• WORK REQUIRED
Restate the records in full, so that each line matches the original exactly.

• INPUT
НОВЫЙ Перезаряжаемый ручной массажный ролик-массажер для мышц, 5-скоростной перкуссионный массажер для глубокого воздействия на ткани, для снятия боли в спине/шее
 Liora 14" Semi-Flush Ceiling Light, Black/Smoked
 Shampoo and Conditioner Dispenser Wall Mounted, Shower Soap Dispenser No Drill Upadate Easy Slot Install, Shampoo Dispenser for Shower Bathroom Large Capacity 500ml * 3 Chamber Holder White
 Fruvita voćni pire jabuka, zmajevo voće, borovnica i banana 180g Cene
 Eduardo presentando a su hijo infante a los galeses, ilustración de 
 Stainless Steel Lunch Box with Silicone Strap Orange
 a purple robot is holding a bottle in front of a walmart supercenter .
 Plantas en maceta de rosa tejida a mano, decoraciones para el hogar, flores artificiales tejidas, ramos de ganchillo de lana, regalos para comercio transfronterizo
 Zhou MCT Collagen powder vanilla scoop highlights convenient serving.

• ANSWER FOR THE TASK
НОВЫЙ Перезаряжаемый ручной массажный ролик-массажер для мышц, 5-скоростной перкуссионный массажер для глубокого воздействия на ткани, для снятия боли в спине/шее
 Liora 14" Semi-Flush Ceiling Light, Black/Smoked
 Shampoo and Conditioner Dispenser Wall Mounted, Shower Soap Dispenser No Drill Upadate Easy Slot Install, Shampoo Dispenser for Shower Bathroom Large Capacity 500ml * 3 Chamber Holder White
 Fruvita voćni pire jabuka, zmajevo voće, borovnica i banana 180g Cene
 Eduardo presentando a su hijo infante a los galeses, ilustración de 
 Stainless Steel Lunch Box with Silicone Strap Orange
 a purple robot is holding a bottle in front of a walmart supercenter .
 Plantas en maceta de rosa tejida a mano, decoraciones para el hogar, flores artificiales tejidas, ramos de ganchillo de lana, regalos para comercio transfronterizo
 Zhou MCT Collagen powder vanilla scoop highlights convenient serving.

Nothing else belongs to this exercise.